Design:    Console → watchlist UI → /api/watchlists?format=export
Run:       your rules engine (reading the exported JSON) → your alert bus

When it fits: when you want rule evaluation outside Console's SQLite store and in-process webhook outbox — for example, higher durability, lower latency, or co-location with existing alert infrastructure.

Console remains usable for session inspection even if you move rule evaluation out.


Pattern 6 — Fleet (scaled)

Multiple Ocular containers behind a load balancer, all reporting to a single Console instance.

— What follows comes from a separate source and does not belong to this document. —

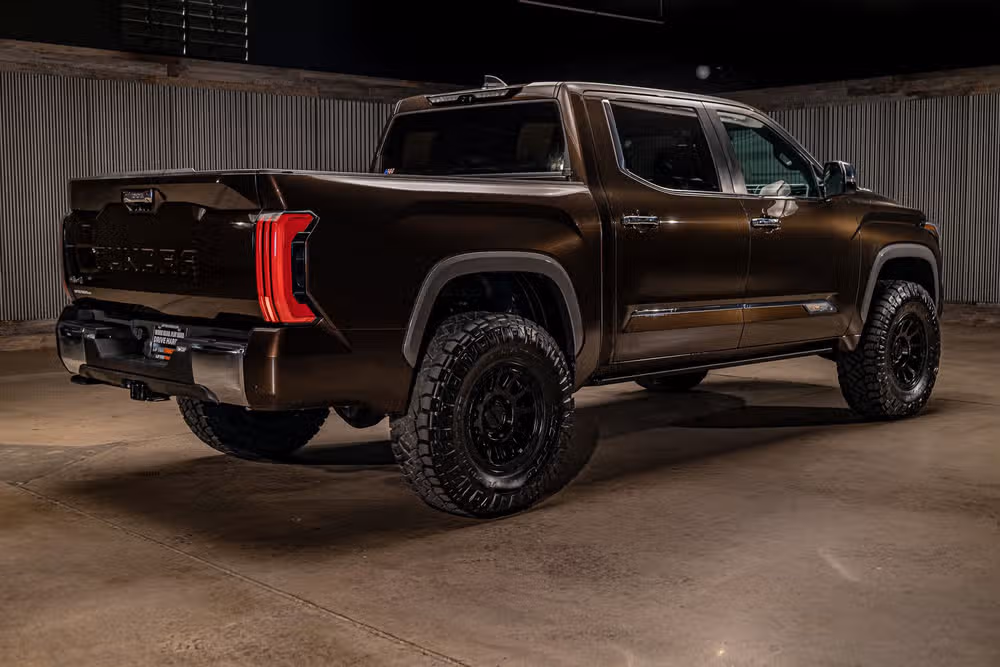 2024 Toyota Tundra 1794 Edition HV CrewMax Image 10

                      ┌── Ocular #1 ──┐
your app's LB ────────├── Ocular #2 ──├──(conduit)──→ Console
                      └── Ocular #N ──┘

When it fits: throughput beyond what a single GPU can deliver (roughly millions of messages/day per box). License tokens don't encode a container limit, so technically any tier can run a fleet — container count is a contractual matter, not a cryptographic one. Check your contract before scaling horizontally.

Notes:

  • Set OCULAR_URL on Console to point at the LB. This only affects Console's own scoring paths (/api/health?deep=true and direct /api/ingest posts without a pre-scored body) — the conduit push goes Ocular→Console over OCULAR_CONSOLE_URL and doesn't use OCULAR_URL at all.
  • The conduit push is a direct HTTP POST from each Ocular to Console. If Console's /api/ingest becomes the bottleneck under burst, a message queue between Ocular and Console is a known-good interposition.

Handling latency

Typical single-turn /classify takes ~30 ms on a 24 GB datacenter-class GPU (A10G reference). That's fast, but not zero, and the tail matters.

Budgets. Set a timeout on every Ocular call. Suggestion:

  • 200 ms for inline scoring (Pattern 1). Enough for normal plus some headroom. If scoring takes longer, something's wrong.
  • 5 s for async scoring (Pattern 2). You're not blocking; just bound the retry window.
  • 10 s for trajectory calls (per_turn: true). Long conversations legitimately take hundreds of ms.

Circuit breaking. Wrap Ocular calls in a circuit breaker (e.g. hystrix, pybreaker, resilience4j). If 5 calls fail in a row, stop calling for 30 seconds and log loudly. Prevents cascading failures when the box is unhealthy.

Warmup. First call after container start takes ~25 s while the model loads. /health returns "starting" during this window — don't route traffic until it's "ok".


Handling failure

Ocular unavailability categories and what to do:

Failure mode Symptom Reasonable response
Slow 5x slower than normal Your circuit breaker should handle. Alert if sustained.
Timeout no response within budget Skip scoring for this message. Don't block user reply.
503 "Model still loading" during container startup (~25 s) Retry with backoff.
429 "Server overloaded" batch queue saturated Retry with backoff. Scale replicas if sustained.
502 "Remote scoring failed" only when Ocular's SCORING_URL is configured (Ocular-side; distinct from Console's OCULAR_URL) Upstream scorer failed; inspect the remote endpoint.
Connection refused container isn't running — e.g. license past grace ended at startup Check container logs. Replace license if needed.

Ocular availability is not required for your app to serve user messages. The failure modes above are all recoverable with timeouts and fail-open logic in the client.


What to persist

Ocular does not store raw message content. Durable records of scored sessions are the caller's responsibility — persist the /classify response alongside whatever request metadata you want to retain. meta.version identifies the model + heads configuration a given response was produced against.